The issue is not that technology industry executives fail to recognize what a valuable commodity privacy is, but rather the reverse. Leaders of large technology firms understand exactly how much is at stake for them should the value of privacy be taken seriously and, not dissimilar to the analogous 20th century tobacco executives, want to preserve their interests for as long as they can.

I, a non-lawyer, will not pretend to understand the legal intricacies of federal privacy legislation. Yet, it does not seem that a legitimate, respectable argument remains that calls for inaction and zero privacy protections. Following that logic, passing a federal privacy law that affords everyone in the country protection from a ubiquitous threat seems like an obvious next step.

However, the conversation amongst the panelists made clear that passing a federal privacy law is no longer a sufficient recommendation. To protect Americans’ privacy rights, the complexity persists not in what to do, but how. I agree with a suggestion made by FTC Commissioner Christine Wilson: federal privacy legislation should be passed as a baseline to ensure consistency in both consumers’ understanding of the rights afforded to them and businesses’ understanding of the standards they must uphold. States can then fill gaps to meet specific needs of their populace or to enhance certain regulations.

Panelist Stacey Gray, Senior Counsel at the Future of Privacy Forum, highlighted important considerations to take into account prior to passing preemptive federal privacy legislation. Preemption occurs when the power of a higher level of government supersedes that of a lower level of government. If preemptive federal privacy legislation were passed, not only would newer, more well-known omnibus laws be at risk, but hundreds of existing state privacy laws could also be wiped out. If Congress did pass a federal privacy law as a baseline, these laws would need to be addressed through savings clauses, and the federal legislation itself would need to be written so as to allow for continuous evolution to prevent ossification.

If the last 20 years have proven anything about federal privacy legislation, it is that action will likely not be expeditious. In the meantime, privacy advocates should push Congress to grant the FTC supervisory capabilities, which would allow for stronger oversight of tech platforms’ privacy and competition practices. As Commissioner Wilson asserted, the potential exists for the FTC to be a high-quality enforcement agency. With the proper support and resources, the FTC could be well-equipped to take on greater oversight responsibilities. This idea is not an entirely novel or outlandish one. Indeed, President Barack Obama’s Privacy Bill of Rights intended for the FTC to legally enforce codes of conduct based on the outlined protections. Such legislation would potentially serve as a steppingstone on the path to federal privacy legislation.

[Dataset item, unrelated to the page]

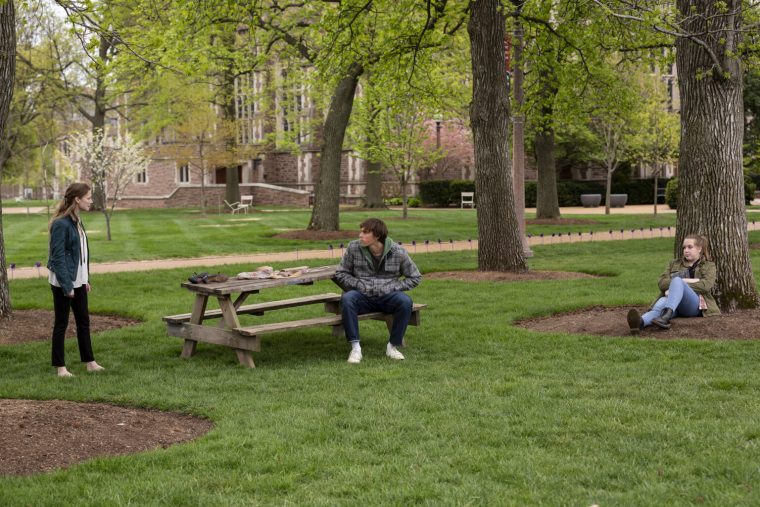 A man sits at a picnic table under trees, arguing with a woman standing on his left while another woman looks on from the right.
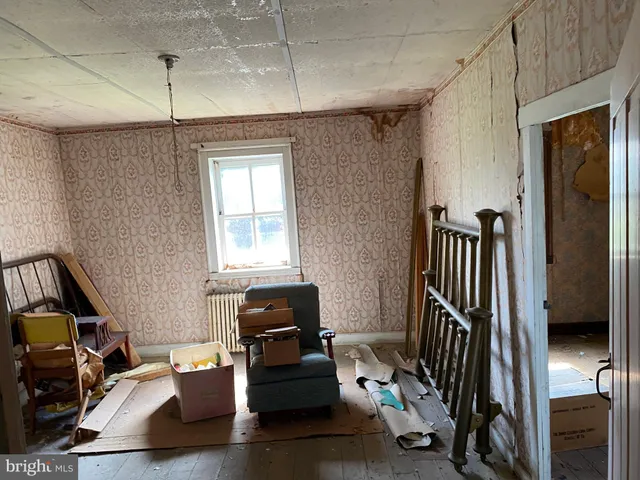 a view of a swimming pool with a yard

Regardless of what additional steps become necessary, the bottom line remains: the United States cannot wait to pass federal privacy legislation until those wielding the most power in the technology industry suddenly become amenable to losing their unfettered access to consumer data. Strengthening the FTC’s supervisory capacity could at least signal to skeptics that privacy is, in fact, a value worth protecting, and that the tide shifting towards more widespread privacy protections is inevitable.